When I was in undergraduate school, it was fashionable to make fun of the Druids. At the time the International Druidic Agricultural Society was going through one of the periodic fad cycles where people who didn't grow plants for a living actually listened to what they said. Those of us in the physical sciences considered the whole thing sort of loopy. Of course they have a lot of good ecological data that isn't available anywhere else, and if you're in the business you have to take them seriously about certain technical subjects, but all the religious and philosophical stuff they layer on top of it get a lot of abuse. We generally believed that there were a few crazy people in the organization who actually believed in all the ritual and everybody else just went along with it because what the Hell else are you going to do on the Solstice days and besides it's probably a better way to meet chicks than going to another conference on crop rotation strategies. It didn't help that one of those years the Festival of the Return of the Light got held up in the Scottish highlands (you know, where all the sheep are). With material like that how could a comedian resist?
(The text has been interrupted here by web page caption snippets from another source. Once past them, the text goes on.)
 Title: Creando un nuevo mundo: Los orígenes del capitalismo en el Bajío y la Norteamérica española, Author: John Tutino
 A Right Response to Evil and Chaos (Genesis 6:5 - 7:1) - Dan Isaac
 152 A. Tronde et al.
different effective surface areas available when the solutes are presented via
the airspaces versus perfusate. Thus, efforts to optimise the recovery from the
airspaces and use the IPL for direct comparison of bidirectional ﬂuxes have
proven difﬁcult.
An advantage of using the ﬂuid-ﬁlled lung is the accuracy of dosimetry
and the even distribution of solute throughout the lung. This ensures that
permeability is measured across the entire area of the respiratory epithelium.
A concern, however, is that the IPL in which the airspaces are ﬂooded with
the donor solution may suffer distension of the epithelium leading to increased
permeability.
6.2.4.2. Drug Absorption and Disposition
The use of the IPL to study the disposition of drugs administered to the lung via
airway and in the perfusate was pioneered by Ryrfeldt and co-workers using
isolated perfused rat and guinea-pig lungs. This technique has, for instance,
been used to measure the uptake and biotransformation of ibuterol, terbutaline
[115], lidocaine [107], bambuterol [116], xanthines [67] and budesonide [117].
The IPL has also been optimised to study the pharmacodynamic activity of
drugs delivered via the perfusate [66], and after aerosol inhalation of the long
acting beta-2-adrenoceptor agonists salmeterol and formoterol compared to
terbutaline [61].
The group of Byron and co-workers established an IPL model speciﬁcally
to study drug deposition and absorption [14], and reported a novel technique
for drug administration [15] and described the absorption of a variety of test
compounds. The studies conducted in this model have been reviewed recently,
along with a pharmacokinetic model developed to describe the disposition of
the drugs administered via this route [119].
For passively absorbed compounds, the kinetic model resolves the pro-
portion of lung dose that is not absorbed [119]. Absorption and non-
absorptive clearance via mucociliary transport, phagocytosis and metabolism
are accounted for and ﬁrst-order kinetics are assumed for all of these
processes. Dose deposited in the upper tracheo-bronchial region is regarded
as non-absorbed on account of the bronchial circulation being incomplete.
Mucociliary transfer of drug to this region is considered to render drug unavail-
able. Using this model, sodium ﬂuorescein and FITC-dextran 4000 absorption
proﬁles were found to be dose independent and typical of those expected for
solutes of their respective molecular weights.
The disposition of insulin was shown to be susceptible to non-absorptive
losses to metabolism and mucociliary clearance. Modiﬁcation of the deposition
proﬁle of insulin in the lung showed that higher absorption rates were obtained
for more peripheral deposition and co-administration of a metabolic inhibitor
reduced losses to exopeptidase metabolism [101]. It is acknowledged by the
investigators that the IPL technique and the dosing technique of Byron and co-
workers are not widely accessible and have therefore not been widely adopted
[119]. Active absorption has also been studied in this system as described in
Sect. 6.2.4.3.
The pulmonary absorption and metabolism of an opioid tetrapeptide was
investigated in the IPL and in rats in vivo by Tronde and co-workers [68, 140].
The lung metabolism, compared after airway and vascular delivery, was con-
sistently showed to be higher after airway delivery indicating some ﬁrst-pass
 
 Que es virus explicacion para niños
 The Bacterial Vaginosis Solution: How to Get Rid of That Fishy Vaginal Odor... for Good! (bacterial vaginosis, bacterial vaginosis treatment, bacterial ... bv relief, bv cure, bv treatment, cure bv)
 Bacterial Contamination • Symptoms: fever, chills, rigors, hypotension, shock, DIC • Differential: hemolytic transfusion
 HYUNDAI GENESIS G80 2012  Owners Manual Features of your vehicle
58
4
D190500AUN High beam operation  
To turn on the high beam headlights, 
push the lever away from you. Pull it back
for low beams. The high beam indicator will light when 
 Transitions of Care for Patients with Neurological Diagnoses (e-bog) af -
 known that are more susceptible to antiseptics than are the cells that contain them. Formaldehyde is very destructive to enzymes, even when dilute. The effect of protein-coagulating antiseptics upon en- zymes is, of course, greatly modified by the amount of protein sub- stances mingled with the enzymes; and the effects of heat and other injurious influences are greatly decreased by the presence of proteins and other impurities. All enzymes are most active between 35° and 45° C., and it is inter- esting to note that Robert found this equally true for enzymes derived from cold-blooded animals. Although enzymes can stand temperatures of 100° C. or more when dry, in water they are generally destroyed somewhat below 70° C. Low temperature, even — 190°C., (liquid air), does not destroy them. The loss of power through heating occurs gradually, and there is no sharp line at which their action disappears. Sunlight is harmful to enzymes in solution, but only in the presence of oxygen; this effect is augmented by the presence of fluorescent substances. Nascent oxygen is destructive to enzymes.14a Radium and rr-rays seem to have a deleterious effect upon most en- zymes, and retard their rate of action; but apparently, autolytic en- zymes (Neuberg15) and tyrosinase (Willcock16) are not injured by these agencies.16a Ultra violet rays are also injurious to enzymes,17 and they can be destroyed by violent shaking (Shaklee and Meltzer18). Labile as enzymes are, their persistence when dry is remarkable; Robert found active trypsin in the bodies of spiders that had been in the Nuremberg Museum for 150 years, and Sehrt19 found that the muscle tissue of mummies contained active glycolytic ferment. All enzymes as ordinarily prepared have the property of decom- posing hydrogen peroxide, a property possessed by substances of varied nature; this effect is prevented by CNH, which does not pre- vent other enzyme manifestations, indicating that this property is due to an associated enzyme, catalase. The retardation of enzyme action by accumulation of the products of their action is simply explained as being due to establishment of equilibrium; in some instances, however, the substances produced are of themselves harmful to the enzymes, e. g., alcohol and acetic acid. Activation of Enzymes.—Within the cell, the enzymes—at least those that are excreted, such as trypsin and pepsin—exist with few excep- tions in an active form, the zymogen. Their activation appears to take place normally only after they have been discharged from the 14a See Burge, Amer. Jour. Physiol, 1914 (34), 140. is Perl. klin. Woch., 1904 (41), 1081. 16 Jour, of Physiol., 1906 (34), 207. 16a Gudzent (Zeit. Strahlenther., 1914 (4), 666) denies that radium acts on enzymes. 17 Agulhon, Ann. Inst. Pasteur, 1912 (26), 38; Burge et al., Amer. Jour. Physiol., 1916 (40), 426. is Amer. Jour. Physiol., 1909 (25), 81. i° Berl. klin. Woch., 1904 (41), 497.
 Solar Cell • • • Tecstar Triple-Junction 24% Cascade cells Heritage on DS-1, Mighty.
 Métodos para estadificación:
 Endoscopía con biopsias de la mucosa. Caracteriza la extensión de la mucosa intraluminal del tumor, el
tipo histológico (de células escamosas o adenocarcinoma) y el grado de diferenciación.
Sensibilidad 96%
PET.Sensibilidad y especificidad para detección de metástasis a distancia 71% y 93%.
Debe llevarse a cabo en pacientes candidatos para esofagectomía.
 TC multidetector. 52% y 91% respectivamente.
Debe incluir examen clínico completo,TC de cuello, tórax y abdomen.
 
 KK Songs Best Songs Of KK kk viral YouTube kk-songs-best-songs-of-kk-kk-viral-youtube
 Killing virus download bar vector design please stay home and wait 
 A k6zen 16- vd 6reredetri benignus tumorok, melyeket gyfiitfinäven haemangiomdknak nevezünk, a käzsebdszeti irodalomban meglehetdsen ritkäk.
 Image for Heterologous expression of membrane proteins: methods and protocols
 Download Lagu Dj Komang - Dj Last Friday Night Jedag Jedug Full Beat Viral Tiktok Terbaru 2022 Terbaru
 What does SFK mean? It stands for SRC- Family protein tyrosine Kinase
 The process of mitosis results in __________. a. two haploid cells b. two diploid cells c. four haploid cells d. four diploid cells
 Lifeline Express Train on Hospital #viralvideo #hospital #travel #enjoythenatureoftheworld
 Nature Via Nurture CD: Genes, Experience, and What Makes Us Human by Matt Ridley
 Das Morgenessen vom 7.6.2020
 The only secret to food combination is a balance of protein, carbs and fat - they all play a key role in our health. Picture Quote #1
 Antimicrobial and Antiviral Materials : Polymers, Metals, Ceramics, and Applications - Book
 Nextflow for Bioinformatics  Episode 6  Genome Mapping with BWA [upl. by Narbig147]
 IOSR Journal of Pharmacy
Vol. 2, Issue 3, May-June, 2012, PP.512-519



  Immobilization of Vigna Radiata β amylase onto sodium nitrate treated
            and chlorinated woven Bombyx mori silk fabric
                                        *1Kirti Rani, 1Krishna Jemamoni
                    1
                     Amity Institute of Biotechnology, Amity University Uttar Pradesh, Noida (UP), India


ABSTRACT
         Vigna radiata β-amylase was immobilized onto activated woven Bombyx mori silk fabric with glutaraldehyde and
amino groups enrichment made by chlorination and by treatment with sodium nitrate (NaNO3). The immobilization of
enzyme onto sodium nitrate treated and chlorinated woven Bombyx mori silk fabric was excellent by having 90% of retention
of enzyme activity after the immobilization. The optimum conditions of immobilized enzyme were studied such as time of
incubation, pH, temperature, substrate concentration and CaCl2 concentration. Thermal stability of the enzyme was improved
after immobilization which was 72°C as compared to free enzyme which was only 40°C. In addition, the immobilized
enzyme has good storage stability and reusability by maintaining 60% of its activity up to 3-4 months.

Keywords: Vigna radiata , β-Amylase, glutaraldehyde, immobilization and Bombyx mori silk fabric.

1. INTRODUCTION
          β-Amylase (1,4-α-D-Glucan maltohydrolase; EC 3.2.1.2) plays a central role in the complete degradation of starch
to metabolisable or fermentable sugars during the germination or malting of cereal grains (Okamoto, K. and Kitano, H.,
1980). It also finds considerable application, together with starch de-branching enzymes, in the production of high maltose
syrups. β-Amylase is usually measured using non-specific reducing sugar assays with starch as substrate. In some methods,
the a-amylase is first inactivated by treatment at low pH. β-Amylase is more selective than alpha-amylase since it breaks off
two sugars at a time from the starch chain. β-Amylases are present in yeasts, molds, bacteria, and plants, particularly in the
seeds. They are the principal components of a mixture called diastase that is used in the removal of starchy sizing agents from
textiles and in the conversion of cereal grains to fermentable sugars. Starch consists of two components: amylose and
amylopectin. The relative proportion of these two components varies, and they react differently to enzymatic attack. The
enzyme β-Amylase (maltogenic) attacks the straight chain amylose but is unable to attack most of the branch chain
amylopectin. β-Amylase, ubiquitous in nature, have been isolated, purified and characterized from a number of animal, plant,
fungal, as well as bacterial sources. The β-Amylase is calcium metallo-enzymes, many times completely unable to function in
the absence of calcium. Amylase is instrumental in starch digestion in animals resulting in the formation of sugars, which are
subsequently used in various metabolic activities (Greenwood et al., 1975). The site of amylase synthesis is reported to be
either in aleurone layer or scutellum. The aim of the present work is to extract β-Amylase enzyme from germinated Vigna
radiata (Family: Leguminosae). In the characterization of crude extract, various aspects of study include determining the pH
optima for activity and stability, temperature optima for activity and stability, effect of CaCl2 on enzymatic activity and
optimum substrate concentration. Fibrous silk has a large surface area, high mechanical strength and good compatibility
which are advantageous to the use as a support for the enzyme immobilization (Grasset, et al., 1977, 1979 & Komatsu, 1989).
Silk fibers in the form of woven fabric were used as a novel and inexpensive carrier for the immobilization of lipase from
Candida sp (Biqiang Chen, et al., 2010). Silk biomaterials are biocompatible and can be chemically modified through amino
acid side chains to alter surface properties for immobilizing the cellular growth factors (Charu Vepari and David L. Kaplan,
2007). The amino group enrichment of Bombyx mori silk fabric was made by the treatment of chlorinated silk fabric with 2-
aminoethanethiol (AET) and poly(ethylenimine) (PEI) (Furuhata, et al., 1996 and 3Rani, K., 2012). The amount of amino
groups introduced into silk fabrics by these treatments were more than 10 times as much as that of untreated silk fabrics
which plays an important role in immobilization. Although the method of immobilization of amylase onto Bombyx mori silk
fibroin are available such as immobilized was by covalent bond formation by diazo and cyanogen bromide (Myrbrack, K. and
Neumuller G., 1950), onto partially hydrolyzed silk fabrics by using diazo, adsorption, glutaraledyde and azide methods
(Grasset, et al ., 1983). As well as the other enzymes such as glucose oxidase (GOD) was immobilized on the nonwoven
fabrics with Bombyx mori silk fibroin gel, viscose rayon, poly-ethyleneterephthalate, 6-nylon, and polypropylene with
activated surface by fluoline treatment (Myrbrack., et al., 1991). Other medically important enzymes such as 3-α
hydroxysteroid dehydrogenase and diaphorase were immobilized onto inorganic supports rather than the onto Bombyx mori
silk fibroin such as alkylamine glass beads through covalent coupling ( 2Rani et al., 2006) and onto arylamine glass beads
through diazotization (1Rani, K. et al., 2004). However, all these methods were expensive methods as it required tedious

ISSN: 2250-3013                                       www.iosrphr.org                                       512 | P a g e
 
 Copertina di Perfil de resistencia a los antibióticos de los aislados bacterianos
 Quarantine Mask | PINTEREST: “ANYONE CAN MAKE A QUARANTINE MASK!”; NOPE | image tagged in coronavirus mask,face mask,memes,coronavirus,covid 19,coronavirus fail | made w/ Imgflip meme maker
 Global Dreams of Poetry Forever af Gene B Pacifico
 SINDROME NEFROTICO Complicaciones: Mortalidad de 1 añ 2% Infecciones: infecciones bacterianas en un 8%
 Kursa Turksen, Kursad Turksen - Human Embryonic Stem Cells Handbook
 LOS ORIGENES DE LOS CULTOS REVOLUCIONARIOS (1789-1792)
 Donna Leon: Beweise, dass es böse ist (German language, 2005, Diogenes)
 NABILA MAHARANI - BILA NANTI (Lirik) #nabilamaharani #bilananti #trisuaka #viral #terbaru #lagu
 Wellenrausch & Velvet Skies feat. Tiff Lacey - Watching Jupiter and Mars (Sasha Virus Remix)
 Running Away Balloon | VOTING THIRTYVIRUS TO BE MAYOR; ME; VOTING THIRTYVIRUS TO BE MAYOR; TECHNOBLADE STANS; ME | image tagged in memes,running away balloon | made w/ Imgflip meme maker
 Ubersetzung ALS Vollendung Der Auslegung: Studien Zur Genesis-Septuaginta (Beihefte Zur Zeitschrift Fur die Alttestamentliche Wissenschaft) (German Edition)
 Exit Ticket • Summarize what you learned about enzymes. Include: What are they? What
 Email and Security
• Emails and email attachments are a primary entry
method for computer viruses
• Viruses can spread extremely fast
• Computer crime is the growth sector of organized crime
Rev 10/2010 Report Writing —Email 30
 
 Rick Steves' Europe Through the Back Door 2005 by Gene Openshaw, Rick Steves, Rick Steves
That was less than ten years ago, and now some of those people who were telling the jokes are analyzing tracts on the genesis of life force, or standing around with field detectors at the blessing of the wheat, hoping to get a Ph.D. thesis out of it.

Anyway, I should probably stop scribbling and get back to work. The glue should be set by now. After all the complaining is finished, I guess I'm still doing this. I don't know a thing about how any of it works, but I'll set out on the boundless ocean anyway because of some totally unjustified trust in the fates. But why not? it's a tradition. People have been doing it for thousands of years.